通信22-25 知人に部屋探しをお願いする

 年末からずっと続いていた酒をようやく抜いた。年末年始に様々な人からいただいた酒を、やっと飲み尽くしたんだ。特に年が明けてからはもう自分がどれぐらいの量の酒を飲んでいるのかも分からなかった。思えば若い頃はずっとだらしのない酒飲みとして過ごしていた。今、酒がすっかり抜けて、ようやく一月振りぐらいに静かな朝を迎えている。これでようやく作曲に専念できるというもんだ。

 

 先日、秋に新作を書くために部屋を借りられないだろうかと、そう訊いた友人から連絡があり、数年前、私に貸した療養部屋は今は他の人に貸している、また別を当たってみるという返事を貰った。有難い事だ。

 

 それにしても私がかつて借りていた療養部屋、そこに今、人が住んでいるんだって?うん、私はその事にいささか驚いたんだ。私がそこに住むまで、その家はほぼ十年ほど空いていたらしい。家は空き家にしておくと、すぐに痛んでしまうというのはよく言われる事だが、なるほどその言葉の通りその家は傾きかけていた。六畳が二間に台所、割と広い廊下が気に入ったが、その明るい廊下以外に誉めるところが一つも見つからなかった。

 

 その部屋に今住んでいるのは母親と小学生の娘が一人、うううん、何やら不幸の香りがぷんぷんと漂ってきそうじゃあないか。実はその母親、新興宗教に嵌って、そのせいで離婚せざるを得なくなったそうだ。ああ、今、私が病に不貞腐れて日々ごろ寝して過ごしたあの部屋には毎日、母娘二人のお念仏の声が響き渡っているのだろうか。もちろん実際にはその二人がどんな宗教に嵌っているのかは知らないので、「お念仏」というのは私の勝手な妄想だ。

 

 ところでその家、私が住むまでは虫たちの天国だったらしい。崖のすぐ裏に建っていたその部屋には、崖の割れ目から這い出して来る虫たちの戦闘場になっていたようだ。
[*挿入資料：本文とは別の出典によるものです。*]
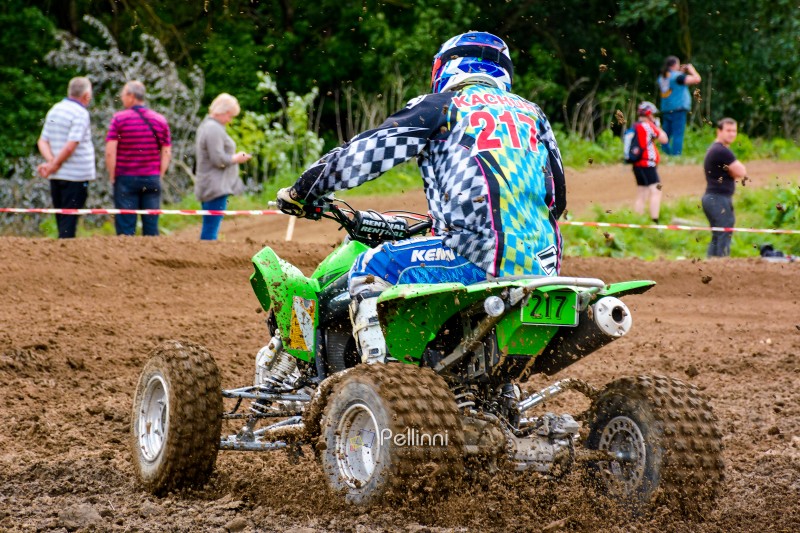 uzhhorod, ukraine - may 21, 2017: ATV rider accelerating on the dirt track. sport competition of green quad wheel vehicle in the mud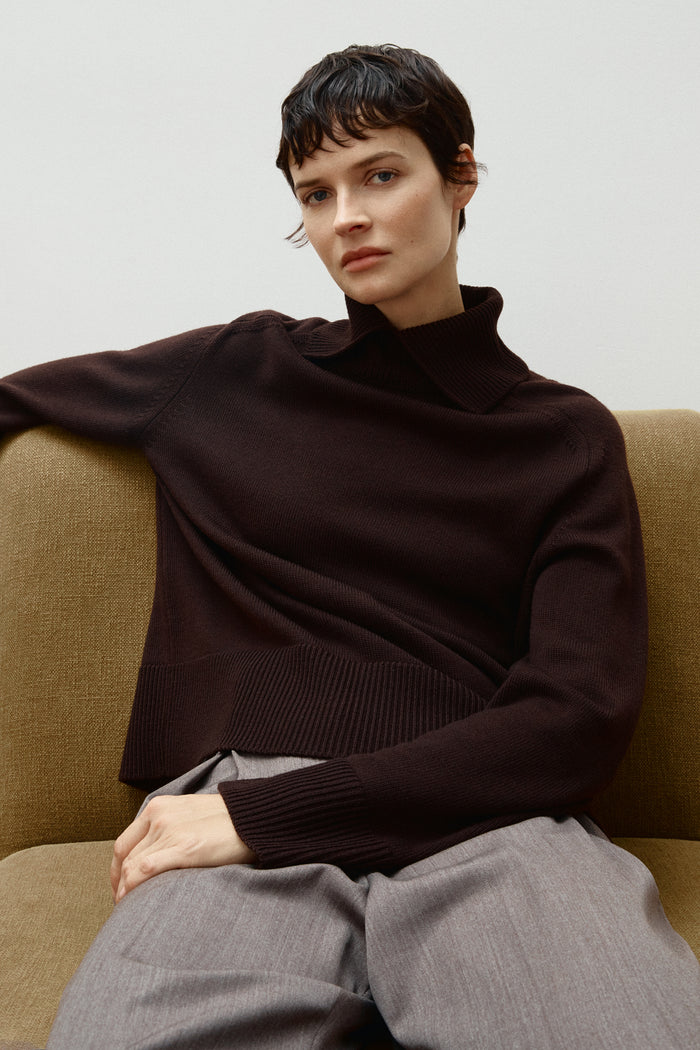 Person wearing a brown Merino Wool Boxy with special High Neck  on a beige couch.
屋内に住むおぞましい虫、あの台所を中心に這いまわるやつら、そいつらを求めて崖の隙間から百足が這いだして来るんだ。その百足に戦いを挑む勇者、そいつらは天井に控えている。 

 

 うん、日本最大の蜘蛛といわれる足高蜘蛛、そいつらが百足めがけて落下してくるんだ。八本足の獰猛な落下傘部隊。最初は何の音だか分からなかった。ぼとっ、ぼとっと畳に何かが落ちる音、それからざざっと畳の擦れる音、そうさ、蜘蛛が百足にかぶりついている音さ。

 

 それで私は平気だったのかって?うん、そうだね、その時はあまり目が見えてなかったんだ。「盲人、蛇に怖じず」のことわざ通りだね。ああ、でもそう考えると、やはりあの部屋は療養所にはなれど仕事部屋には向いていないかもしれないな。うん、日当たりの良い、そして窓からの眺めも良い、そうだね暗く、狭苦しい部屋で書くと、やはり音も縮こまったようなものになるんだ、どうか清々とした気分で仕事に打ち込める部屋を、友人が探してくれる事を大いに期待しているのさ。

 

                                                                                            2020. 1. 22.